[Data to examine]:
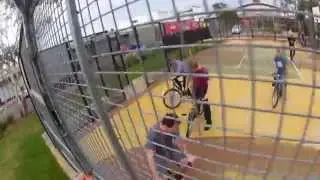 Rough bike polo montage
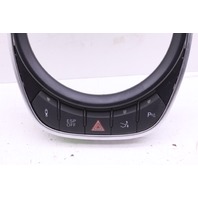 2008-2012 Audi R8 Shifter Trim Bezel Hazard Suspension Switch 420711115A OEM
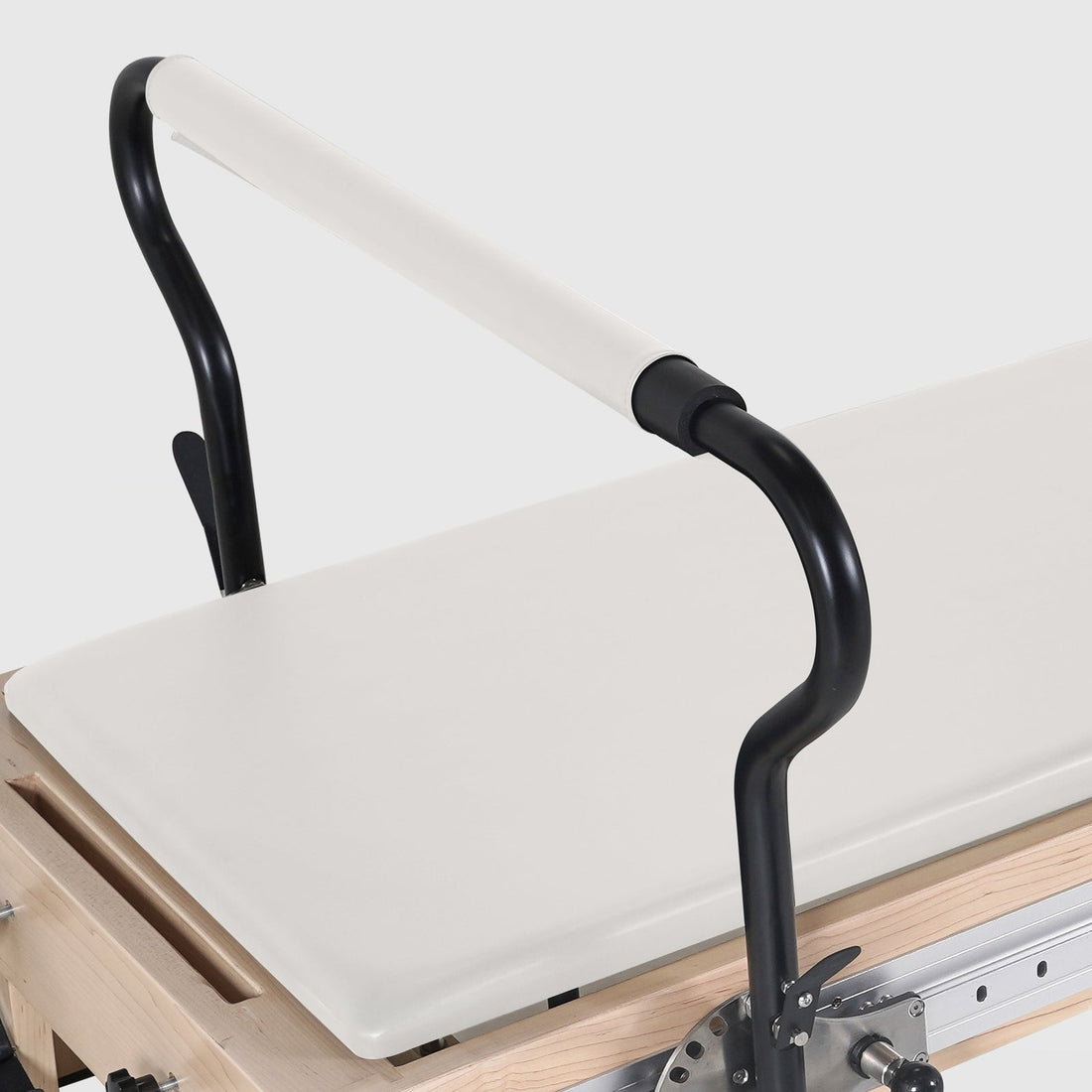 Maple Wood Pilates Reformer Machine with Tower – Full Track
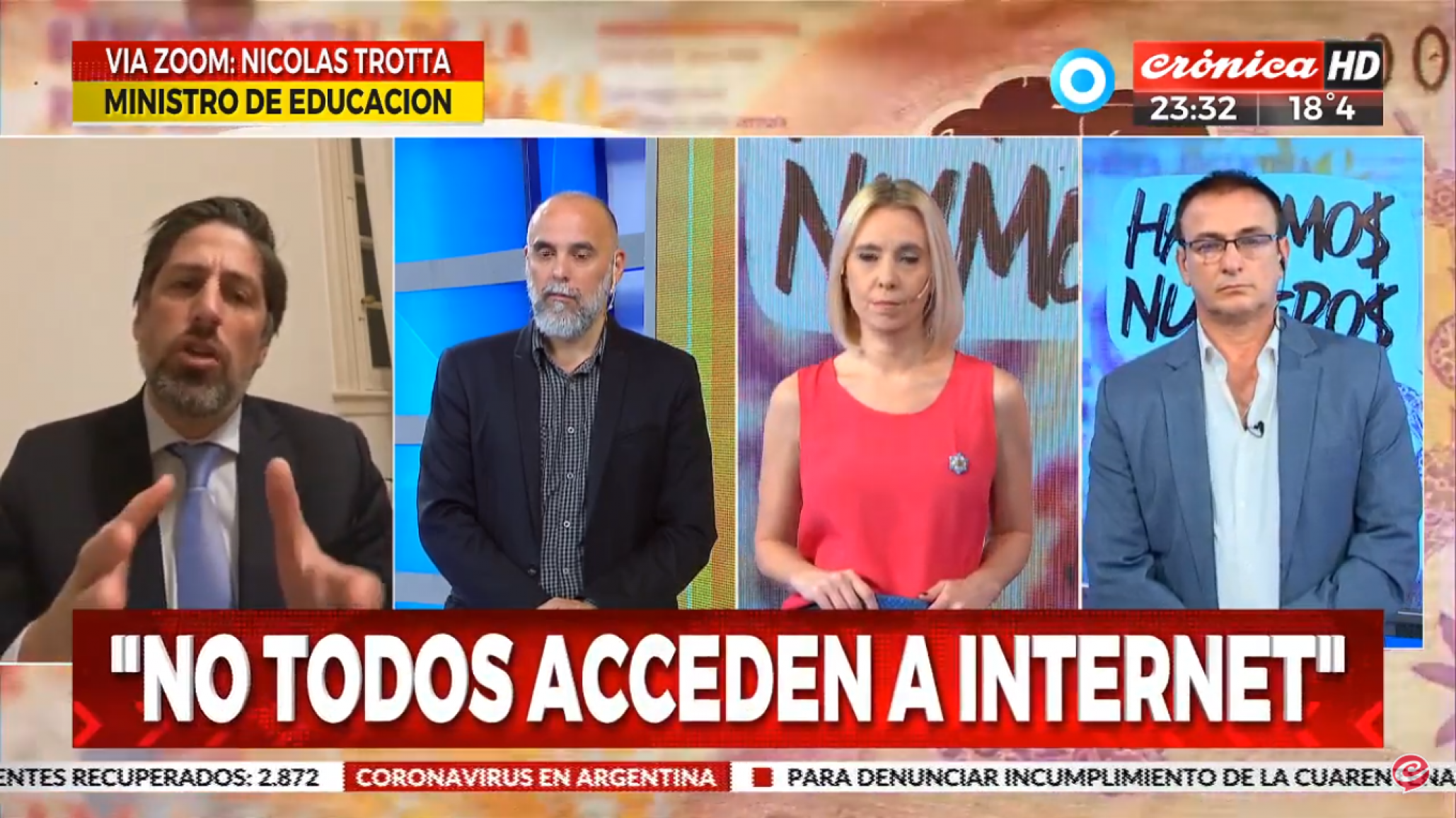 Nicolás Trotta: “Vamos a volver de manera escalonada”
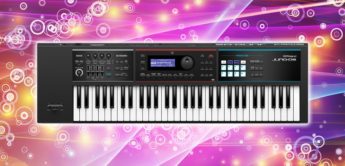 Test: Roland Juno-DS61, DS76 & DS88, Live-Synthesizer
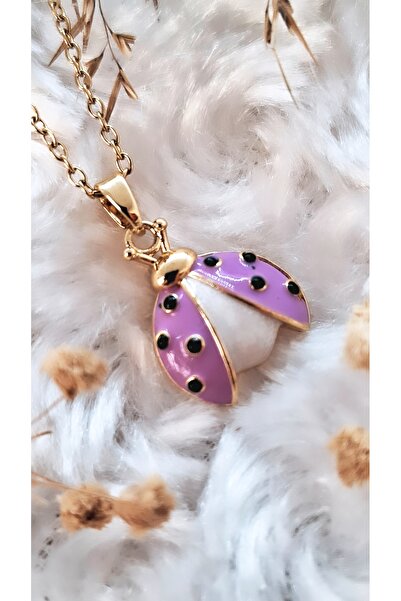 Serenity قلادة فولاذية على شكل حشرة اليعسوب ذات أجنحة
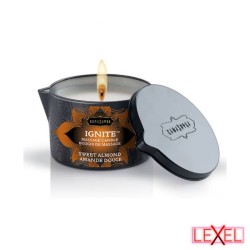 Bougie de massage amandes Kamasutra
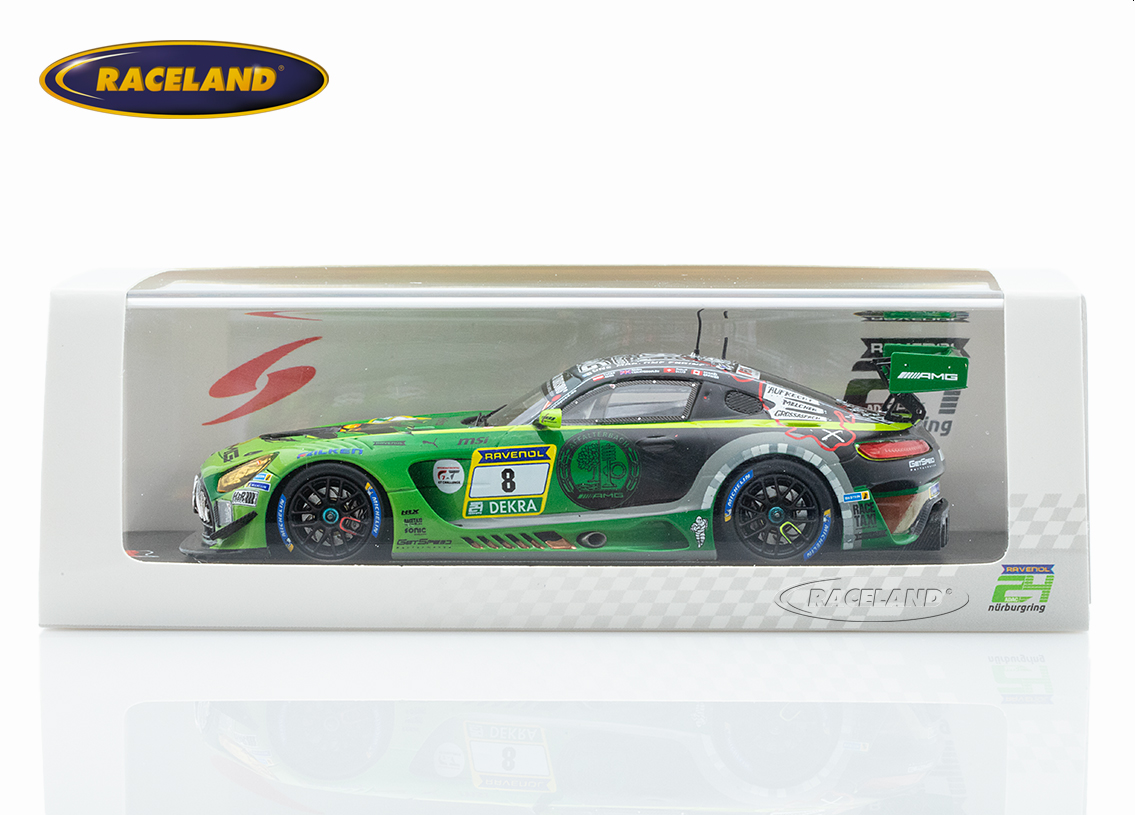 Mercedes AMG GT3 Team GetSpeed 24H Nürburgring 2024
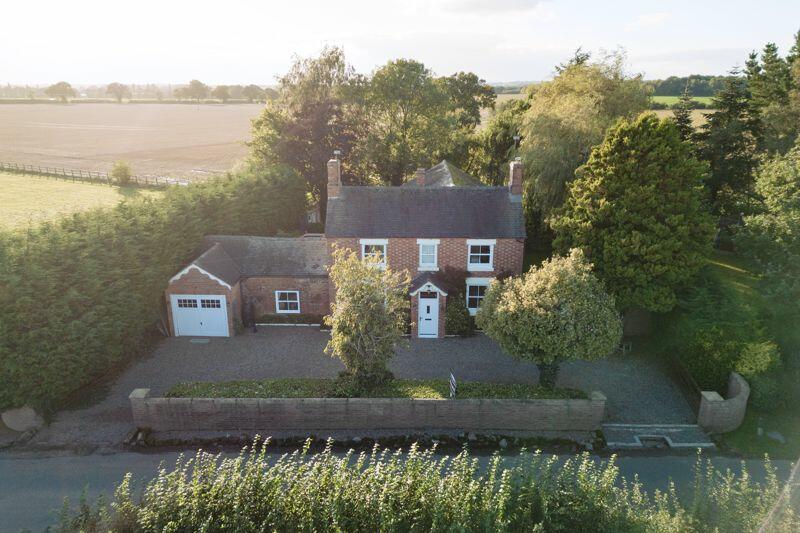 Front Aerial View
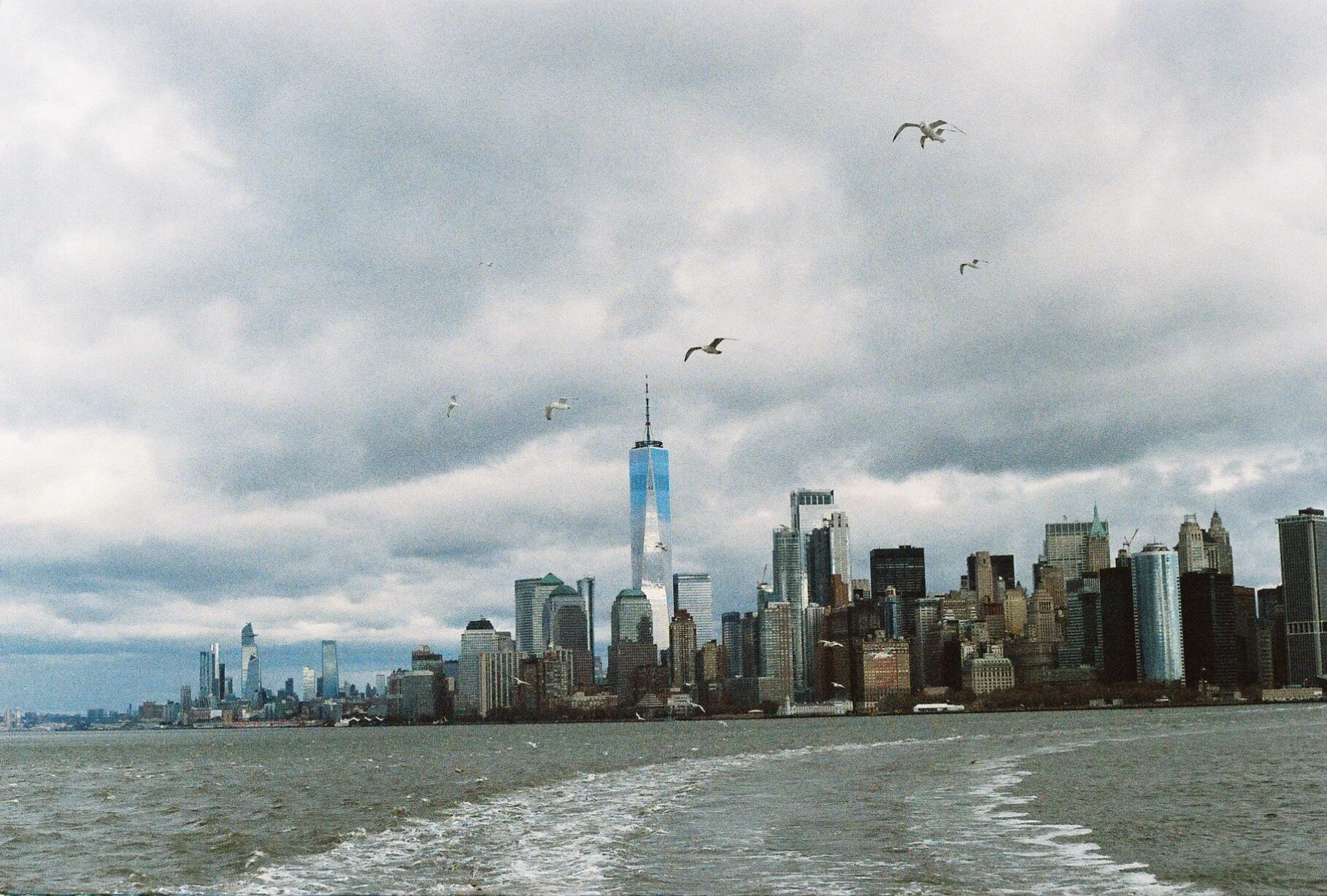 The ferry to Staten Island on Thanksgiving.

[Directions for this task]: All lines from the one holding "Serenity قلادة فولاذية" through the last line of the material above should be set down exactly, and the pictures should be left out.

[Written response]:
 Serenity قلادة فولاذية على شكل حشرة اليعسوب ذات أجنحة
 Bougie de massage amandes Kamasutra
 Mercedes AMG GT3 Team GetSpeed 24H Nürburgring 2024
 Front Aerial View
 The ferry to Staten Island on Thanksgiving.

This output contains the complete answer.